Asal Usul

WARISAN KESULTANAN BIMA UNTUK INDONESIA DAN DUNIA

visit indonesia

Filolog Henri Chambert- Loir dalam bukunya, Kerajaan Bima Dalam Sastra dan Sejarah, mengungkapkan, dokumen Kesultanan Bima di Nusa Tenggara Barat (NTB) dapat dipilah menjadi tiga golongan.

&80 x 90 Image

Pertama, naskah (bo) tentang mitos asal mula raja-raja Bima. Di tengah masyarakat setempat, teks mitos demikian juga berkembang dengan pelbagai versi.

Kedua, seluruh bo yang berisi catatan resmi dari pihak Kesultanan Bima.

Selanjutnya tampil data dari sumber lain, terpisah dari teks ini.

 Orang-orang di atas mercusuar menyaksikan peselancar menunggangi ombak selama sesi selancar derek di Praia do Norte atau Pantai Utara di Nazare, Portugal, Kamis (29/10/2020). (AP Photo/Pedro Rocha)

Penulisan teks ini berlangsung baik di istana maupun rumah-rumah beberapa pembesar kesultanan.

Sayangnya, mayoritas bo ini musnah akibat peristiwa kebakaran yang terjadi di Bima pada 1918.

Para filolog mesti bekerja keras untuk mengumpulkan, menyunting, dan mempelajari segenap bo yang tersisa.

Ketiga, dokumen yang mengandung teks yang kemudian diterbitkan dalam seri berjudul Syair Kerajaan Bima. Ada beberapa peristiwa yang dinarasikan melalui teks dari tahun 1830 tersebut.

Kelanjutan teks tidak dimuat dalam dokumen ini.